Зная хорошо район Трехгорки, я шел прямо на Рочдельскую дворами. Быстро, но очень осторожно. В рукаве куртки на всякий случай у меня был кусок арматуры. "Ну, что, старик, ты разве не знаешь, чем заканчиваются все революции? Разве деда твоего не убили в 37-м?! - говорил я себе. - "Идут без имени святого все двенадцать вдаль. Ко всему готовы, ничего не жаль". Нет-нет, сейчас-то как раз все не так, сейчас все наоборот. И готовы мы только к тому, чтобы себя на ночь, на одну только ночь - под дождь, под танки, и сколько всего жаль будет через каких-нибудь пару часов, одному Блоку известно". И тут я понимаю, тут вдруг доходит до меня, что момента этого я ждал всю свою жизнь, что момент этот сознательного приношения себя в жертву (кто же на танк с арматурой-то валит?!) самый человечий, и совсем не важно, кто будет потом и что будет, это твой миг, и, может быть, в Судный день этот краткий миг, один этот поступок, перевесит чашу со всеми твоими грехами.

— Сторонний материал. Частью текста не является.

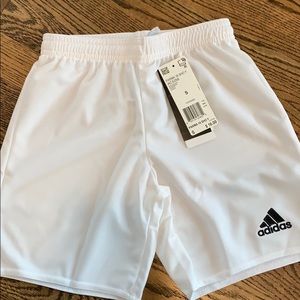 New with tags adidas boys white shorts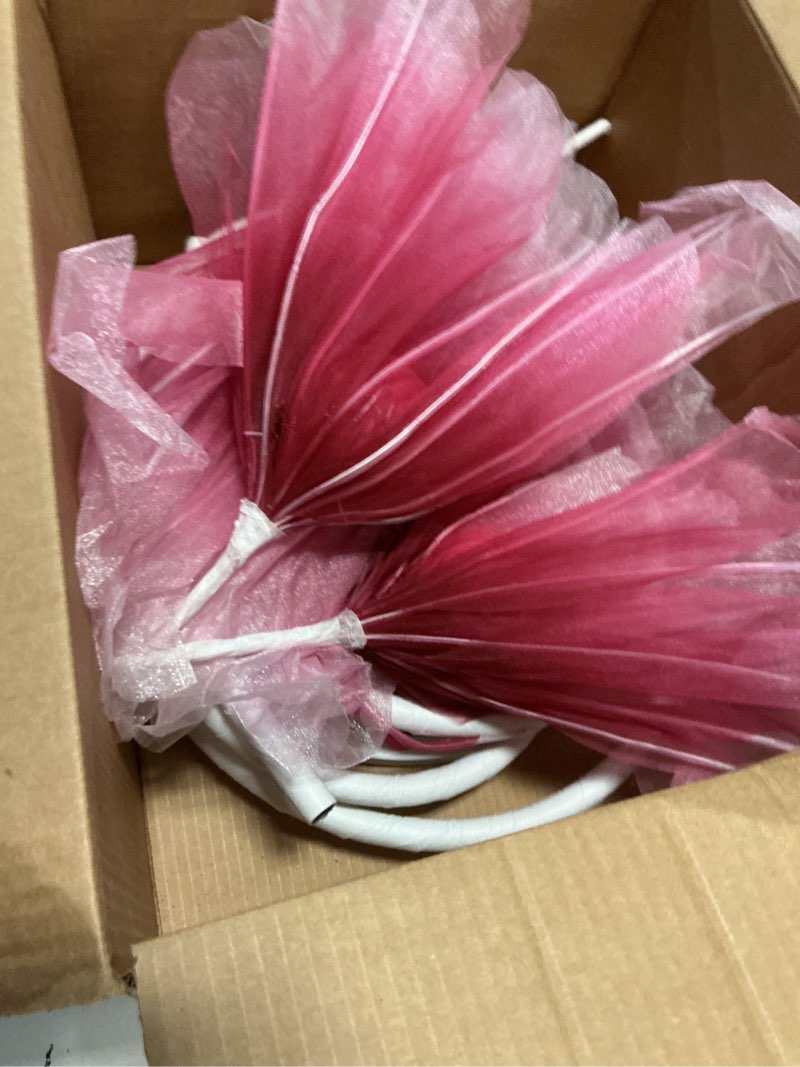 Condition photo showing New/Like New for giant flowers for decoration with stand,floor standing oversized large organza flowers decor,giant artificial flowers for wedding decorations,shop window display,banquet,garden party(red)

Когда раздались первые выстрелы на Садовом кольце и толпа закричала: "Ура!!!", я встретил отца.
- Илюшка! - окликнул он меня.
Я не узнал его в резиновых сапогах и драной курточке; он напомнил мне грибника, сошедшего с электрички где-то на "Тестовской", только без кошелки.
Мы обнялись; он сказал, что скоро его подразделение должно выйти в дозор к Прохоровской мануфактуре, пока же мы должны были стоять у ограды, отделявшей парк от площади, и ждать танков со стороны Белорусского вокзала.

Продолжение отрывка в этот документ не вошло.